SEOUL, July 3 (Yonhap) -- Environment Minister-nominee Kim Eun-kyung underscored her resolve Monday for a policy shift to sustainable development, noting the country's priority on growth has long eclipsed environmental protection.
During a parliamentary confirmation hearing, Kim also pointed out rampant public distrust over the government's environmental information, stressing the need to enhance their accuracy and widen public access to it.
"Based on our deep self-reflection on the ministry's failure to fully serve its mission overshadowed by the values of development, I will have it reborn as one that will spearhead the country's sustainability agenda," Kim said during her opening remarks.
"The philosophy of sustainable development will serve as criteria not only for evaluating the past of the environmental ministry, but also for formulating future policies," she added.
The former presidential advisor and civic activist also underscored the need for "social consensus" on crafting and implementing environmental policies, referring to public division over a range of sensitive issues, such as installing cable cars on mountain parks.
"I will regard social consensus as the core principle... If given the opportunity, I will establish this core value in the ministry, and realize and keep it," she said.

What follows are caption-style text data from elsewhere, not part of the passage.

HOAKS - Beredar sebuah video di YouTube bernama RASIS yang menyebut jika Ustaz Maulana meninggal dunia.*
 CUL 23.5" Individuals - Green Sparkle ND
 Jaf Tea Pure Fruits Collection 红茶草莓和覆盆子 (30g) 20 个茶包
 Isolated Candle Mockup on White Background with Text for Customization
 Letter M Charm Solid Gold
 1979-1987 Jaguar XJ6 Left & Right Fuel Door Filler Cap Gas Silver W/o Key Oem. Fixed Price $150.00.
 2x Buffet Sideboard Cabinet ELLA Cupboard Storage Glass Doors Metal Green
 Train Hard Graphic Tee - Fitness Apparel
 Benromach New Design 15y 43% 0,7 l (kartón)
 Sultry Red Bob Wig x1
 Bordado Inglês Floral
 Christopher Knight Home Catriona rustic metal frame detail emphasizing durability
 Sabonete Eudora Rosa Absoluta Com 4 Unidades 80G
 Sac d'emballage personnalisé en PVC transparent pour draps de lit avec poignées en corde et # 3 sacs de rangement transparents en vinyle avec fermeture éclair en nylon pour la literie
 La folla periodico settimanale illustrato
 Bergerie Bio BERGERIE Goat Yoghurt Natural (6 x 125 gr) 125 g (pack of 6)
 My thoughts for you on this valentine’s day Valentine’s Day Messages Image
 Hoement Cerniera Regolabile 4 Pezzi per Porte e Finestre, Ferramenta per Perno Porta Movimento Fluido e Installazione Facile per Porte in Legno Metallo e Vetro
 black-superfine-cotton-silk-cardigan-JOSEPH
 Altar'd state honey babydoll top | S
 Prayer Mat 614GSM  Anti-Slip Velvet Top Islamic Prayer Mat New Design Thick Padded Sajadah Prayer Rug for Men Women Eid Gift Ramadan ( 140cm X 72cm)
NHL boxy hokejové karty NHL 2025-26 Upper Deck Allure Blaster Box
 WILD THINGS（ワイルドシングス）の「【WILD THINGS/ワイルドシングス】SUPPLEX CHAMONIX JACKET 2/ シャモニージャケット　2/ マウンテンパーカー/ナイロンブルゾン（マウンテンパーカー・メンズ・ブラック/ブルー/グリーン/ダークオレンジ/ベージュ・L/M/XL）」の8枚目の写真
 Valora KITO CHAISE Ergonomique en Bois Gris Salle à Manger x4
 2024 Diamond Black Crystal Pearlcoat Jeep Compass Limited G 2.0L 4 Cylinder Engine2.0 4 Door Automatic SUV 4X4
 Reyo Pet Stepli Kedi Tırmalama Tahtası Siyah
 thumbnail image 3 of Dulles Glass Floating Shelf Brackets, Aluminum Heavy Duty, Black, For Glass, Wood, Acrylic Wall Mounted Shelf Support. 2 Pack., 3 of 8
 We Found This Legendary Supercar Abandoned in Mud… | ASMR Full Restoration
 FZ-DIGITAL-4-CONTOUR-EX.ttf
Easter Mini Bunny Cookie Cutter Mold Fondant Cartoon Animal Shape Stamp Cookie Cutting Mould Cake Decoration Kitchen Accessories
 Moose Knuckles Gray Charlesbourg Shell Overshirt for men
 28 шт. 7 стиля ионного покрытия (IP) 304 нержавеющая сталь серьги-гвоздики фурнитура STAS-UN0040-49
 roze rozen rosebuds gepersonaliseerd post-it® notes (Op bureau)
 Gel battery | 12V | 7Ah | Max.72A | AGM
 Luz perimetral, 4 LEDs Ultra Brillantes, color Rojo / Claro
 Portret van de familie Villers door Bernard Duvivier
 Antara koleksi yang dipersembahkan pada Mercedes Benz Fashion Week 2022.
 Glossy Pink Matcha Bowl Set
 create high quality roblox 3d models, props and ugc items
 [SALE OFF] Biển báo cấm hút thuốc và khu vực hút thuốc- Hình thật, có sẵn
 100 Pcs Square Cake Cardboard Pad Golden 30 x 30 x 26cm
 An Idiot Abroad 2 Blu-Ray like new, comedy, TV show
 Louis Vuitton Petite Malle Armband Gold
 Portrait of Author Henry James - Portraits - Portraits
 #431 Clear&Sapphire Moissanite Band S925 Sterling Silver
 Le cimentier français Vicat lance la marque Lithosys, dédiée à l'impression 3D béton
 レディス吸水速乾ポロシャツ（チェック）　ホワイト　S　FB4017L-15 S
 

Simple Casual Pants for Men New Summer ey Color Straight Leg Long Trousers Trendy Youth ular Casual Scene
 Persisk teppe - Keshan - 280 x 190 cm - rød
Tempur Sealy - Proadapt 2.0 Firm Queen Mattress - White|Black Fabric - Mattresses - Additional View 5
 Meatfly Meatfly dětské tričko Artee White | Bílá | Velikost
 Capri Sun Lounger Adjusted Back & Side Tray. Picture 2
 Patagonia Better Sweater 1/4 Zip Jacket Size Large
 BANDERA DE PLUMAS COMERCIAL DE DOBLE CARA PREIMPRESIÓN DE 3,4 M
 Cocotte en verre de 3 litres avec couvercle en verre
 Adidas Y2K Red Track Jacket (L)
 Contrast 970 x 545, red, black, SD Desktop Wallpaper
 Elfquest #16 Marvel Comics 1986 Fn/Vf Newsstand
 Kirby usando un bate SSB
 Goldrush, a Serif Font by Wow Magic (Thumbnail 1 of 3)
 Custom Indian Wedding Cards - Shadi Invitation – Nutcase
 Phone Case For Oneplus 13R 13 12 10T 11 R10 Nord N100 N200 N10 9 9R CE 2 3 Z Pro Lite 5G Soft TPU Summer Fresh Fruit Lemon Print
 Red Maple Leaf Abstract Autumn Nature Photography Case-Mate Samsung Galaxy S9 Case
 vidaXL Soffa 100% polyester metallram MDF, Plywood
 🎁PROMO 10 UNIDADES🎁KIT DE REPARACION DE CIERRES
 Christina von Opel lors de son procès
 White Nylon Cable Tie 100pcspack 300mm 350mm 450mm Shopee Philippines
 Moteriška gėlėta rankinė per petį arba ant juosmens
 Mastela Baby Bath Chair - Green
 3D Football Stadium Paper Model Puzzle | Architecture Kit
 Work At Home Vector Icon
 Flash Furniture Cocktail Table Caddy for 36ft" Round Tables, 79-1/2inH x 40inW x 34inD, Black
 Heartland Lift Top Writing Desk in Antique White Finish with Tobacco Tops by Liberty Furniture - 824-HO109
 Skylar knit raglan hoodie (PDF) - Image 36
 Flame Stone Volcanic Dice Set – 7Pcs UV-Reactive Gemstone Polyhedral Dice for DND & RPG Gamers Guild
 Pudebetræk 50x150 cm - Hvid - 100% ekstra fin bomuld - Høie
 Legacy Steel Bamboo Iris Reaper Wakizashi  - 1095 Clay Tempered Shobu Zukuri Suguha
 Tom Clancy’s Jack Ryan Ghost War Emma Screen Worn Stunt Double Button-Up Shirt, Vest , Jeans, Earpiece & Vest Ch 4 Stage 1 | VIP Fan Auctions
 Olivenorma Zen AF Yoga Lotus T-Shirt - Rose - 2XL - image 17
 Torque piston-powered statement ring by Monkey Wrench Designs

Touching on the victims of a long-standing humidifier disinfectant scandal, Kim said the government should also shoulder part of the compensation costs, and that she would seek to arrange a meeting between President Moon Jae-in and the victims and their families.
The scandal came to light after four pregnant women died of lung problems for unknown reasons in 2011. A government-led investigation later confirmed a connection between scores of people who died of lung problems and the chemicals used to clean household humidifiers.
During the hearing, opposition lawmakers grilled her over the allegation that her son landed a job at a civic enterprise last year thanks to her influence. Kim denied it.
A ministerial appointment does not require parliamentary consent, but disapproval often imposes a political burden on the president.